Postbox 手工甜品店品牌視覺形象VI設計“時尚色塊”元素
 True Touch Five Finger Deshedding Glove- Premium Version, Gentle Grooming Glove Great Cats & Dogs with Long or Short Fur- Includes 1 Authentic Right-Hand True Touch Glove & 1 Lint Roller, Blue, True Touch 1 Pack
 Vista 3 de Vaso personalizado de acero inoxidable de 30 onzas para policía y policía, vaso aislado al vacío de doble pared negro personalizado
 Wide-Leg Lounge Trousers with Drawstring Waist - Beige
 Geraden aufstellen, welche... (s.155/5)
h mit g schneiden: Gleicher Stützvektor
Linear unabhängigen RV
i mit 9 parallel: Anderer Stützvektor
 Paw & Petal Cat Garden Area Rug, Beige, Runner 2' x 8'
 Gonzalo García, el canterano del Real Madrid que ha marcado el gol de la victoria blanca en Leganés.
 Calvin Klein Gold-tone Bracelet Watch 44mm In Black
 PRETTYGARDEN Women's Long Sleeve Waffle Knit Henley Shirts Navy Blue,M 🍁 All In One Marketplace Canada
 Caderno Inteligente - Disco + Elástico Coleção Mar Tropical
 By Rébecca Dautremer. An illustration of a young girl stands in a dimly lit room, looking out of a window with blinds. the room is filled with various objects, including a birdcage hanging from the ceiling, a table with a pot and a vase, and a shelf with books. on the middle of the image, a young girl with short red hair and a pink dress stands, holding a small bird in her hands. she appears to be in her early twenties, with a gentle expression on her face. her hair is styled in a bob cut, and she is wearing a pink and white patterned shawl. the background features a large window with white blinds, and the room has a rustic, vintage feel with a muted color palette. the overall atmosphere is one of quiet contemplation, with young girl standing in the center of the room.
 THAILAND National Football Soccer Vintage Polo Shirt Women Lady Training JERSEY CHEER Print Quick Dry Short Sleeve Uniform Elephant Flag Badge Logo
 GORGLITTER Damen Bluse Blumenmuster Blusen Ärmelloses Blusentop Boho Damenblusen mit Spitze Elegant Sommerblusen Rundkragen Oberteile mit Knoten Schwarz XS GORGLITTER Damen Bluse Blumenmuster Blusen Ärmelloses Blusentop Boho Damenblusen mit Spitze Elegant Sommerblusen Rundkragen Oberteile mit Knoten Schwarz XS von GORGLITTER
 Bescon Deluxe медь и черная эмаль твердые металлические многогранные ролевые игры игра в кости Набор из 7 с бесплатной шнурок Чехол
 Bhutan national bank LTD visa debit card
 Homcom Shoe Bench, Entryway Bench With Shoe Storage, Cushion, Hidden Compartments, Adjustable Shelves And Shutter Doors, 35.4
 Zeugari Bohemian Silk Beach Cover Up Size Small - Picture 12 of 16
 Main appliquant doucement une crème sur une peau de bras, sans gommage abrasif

**DESCRIPTION OF THE TASK**.
Write the whole listing out again exactly.

**SOLUTION**.
Postbox 手工甜品店品牌視覺形象VI設計“時尚色塊”元素
 True Touch Five Finger Deshedding Glove- Premium Version, Gentle Grooming Glove Great Cats & Dogs with Long or Short Fur- Includes 1 Authentic Right-Hand True Touch Glove & 1 Lint Roller, Blue, True Touch 1 Pack
 Vista 3 de Vaso personalizado de acero inoxidable de 30 onzas para policía y policía, vaso aislado al vacío de doble pared negro personalizado
 Wide-Leg Lounge Trousers with Drawstring Waist - Beige
 Geraden aufstellen, welche... (s.155/5)
h mit g schneiden: Gleicher Stützvektor
Linear unabhängigen RV
i mit 9 parallel: Anderer Stützvektor
 Paw & Petal Cat Garden Area Rug, Beige, Runner 2' x 8'
 Gonzalo García, el canterano del Real Madrid que ha marcado el gol de la victoria blanca en Leganés.
 Calvin Klein Gold-tone Bracelet Watch 44mm In Black
 PRETTYGARDEN Women's Long Sleeve Waffle Knit Henley Shirts Navy Blue,M 🍁 All In One Marketplace Canada
 Caderno Inteligente - Disco + Elástico Coleção Mar Tropical
 By Rébecca Dautremer. An illustration of a young girl stands in a dimly lit room, looking out of a window with blinds. the room is filled with various objects, including a birdcage hanging from the ceiling, a table with a pot and a vase, and a shelf with books. on the middle of the image, a young girl with short red hair and a pink dress stands, holding a small bird in her hands. she appears to be in her early twenties, with a gentle expression on her face. her hair is styled in a bob cut, and she is wearing a pink and white patterned shawl. the background features a large window with white blinds, and the room has a rustic, vintage feel with a muted color palette. the overall atmosphere is one of quiet contemplation, with young girl standing in the center of the room.
 THAILAND National Football Soccer Vintage Polo Shirt Women Lady Training JERSEY CHEER Print Quick Dry Short Sleeve Uniform Elephant Flag Badge Logo
 GORGLITTER Damen Bluse Blumenmuster Blusen Ärmelloses Blusentop Boho Damenblusen mit Spitze Elegant Sommerblusen Rundkragen Oberteile mit Knoten Schwarz XS GORGLITTER Damen Bluse Blumenmuster Blusen Ärmelloses Blusentop Boho Damenblusen mit Spitze Elegant Sommerblusen Rundkragen Oberteile mit Knoten Schwarz XS von GORGLITTER
 Bescon Deluxe медь и черная эмаль твердые металлические многогранные ролевые игры игра в кости Набор из 7 с бесплатной шнурок Чехол
 Bhutan national bank LTD visa debit card
 Homcom Shoe Bench, Entryway Bench With Shoe Storage, Cushion, Hidden Compartments, Adjustable Shelves And Shutter Doors, 35.4
 Zeugari Bohemian Silk Beach Cover Up Size Small - Picture 12 of 16
 Main appliquant doucement une crème sur une peau de bras, sans gommage abrasif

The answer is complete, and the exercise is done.